● Required action
Please transcribe only the lines that run from the line bearing "Oval and Round" to the end of the entries, keeping both end lines. Skip the pictures.

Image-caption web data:
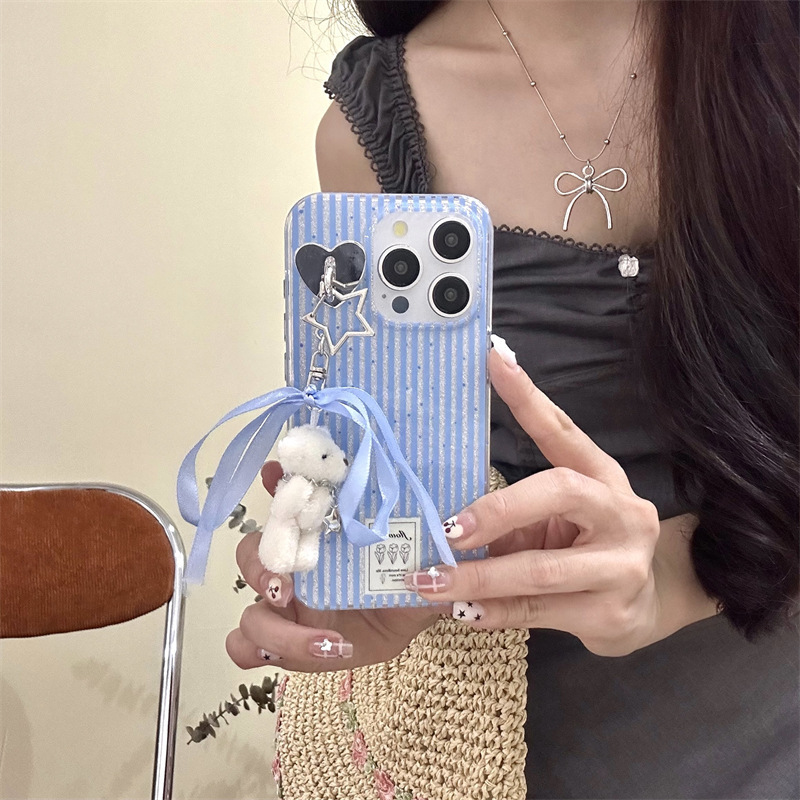 Yellow and blue striped teddy bear pendant for Apple 15 ProMax  double-layer iPhone 14 full package anti drop phone case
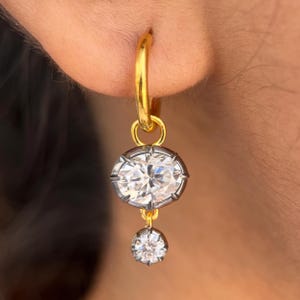 Oval and Round Lab Grown Diamond Earrings, Georgian Cut Down Button Back Setting Earring, Victorian Earrings, Blacken Gold Hoop Earrings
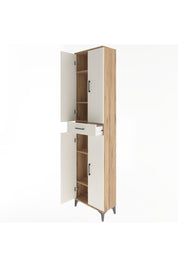 Arges Dolap 5 Raflı Tek Çekmeceli 4 Kapaklı 60x30x243 Çam-Aytaşı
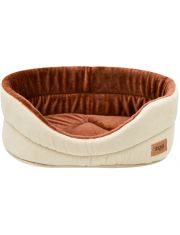 Лежанка для животных Zooexpress Classic №1 искусственная замша и плюш, кремовая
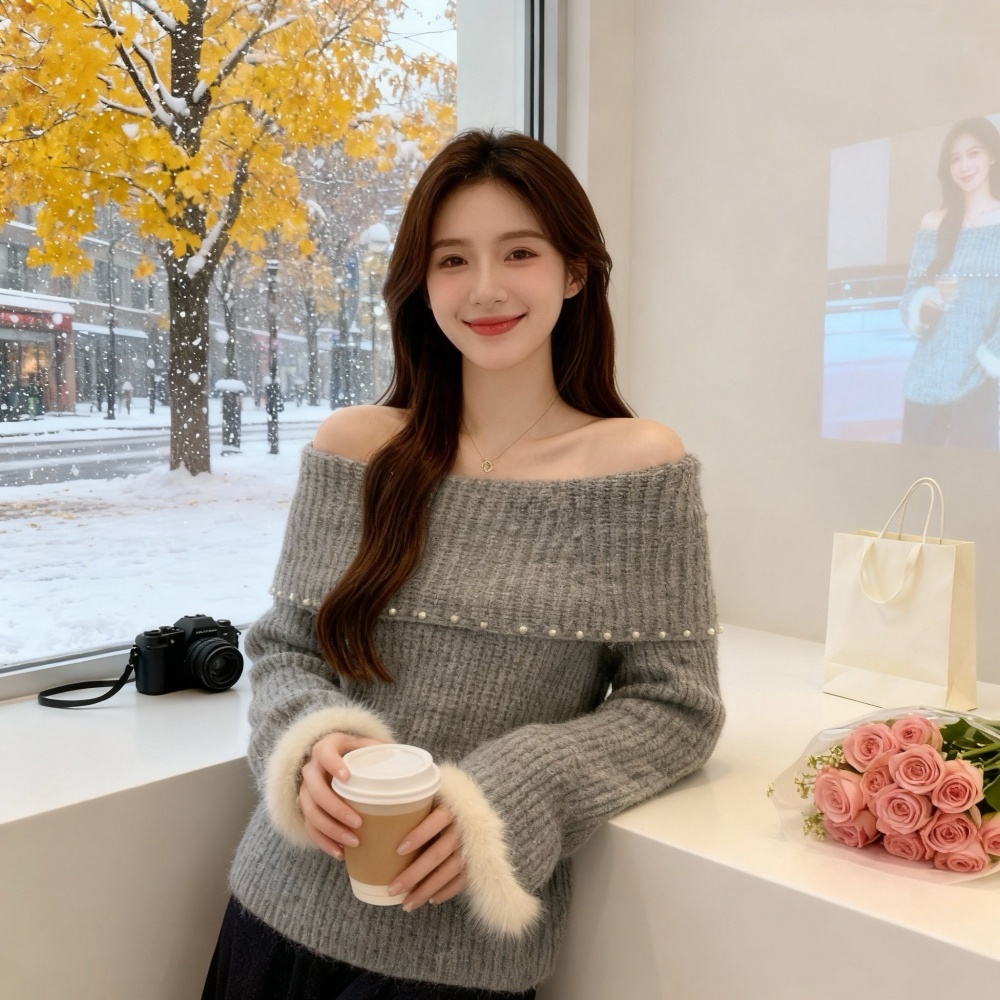 Flat shoulder autumn and winter beading sweater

● Response to this task
 Oval and Round Lab Grown Diamond Earrings, Georgian Cut Down Button Back Setting Earring, Victorian Earrings, Blacken Gold Hoop Earrings
 Arges Dolap 5 Raflı Tek Çekmeceli 4 Kapaklı 60x30x243 Çam-Aytaşı
 Лежанка для животных Zooexpress Classic №1 искусственная замша и плюш, кремовая
 Flat shoulder autumn and winter beading sweater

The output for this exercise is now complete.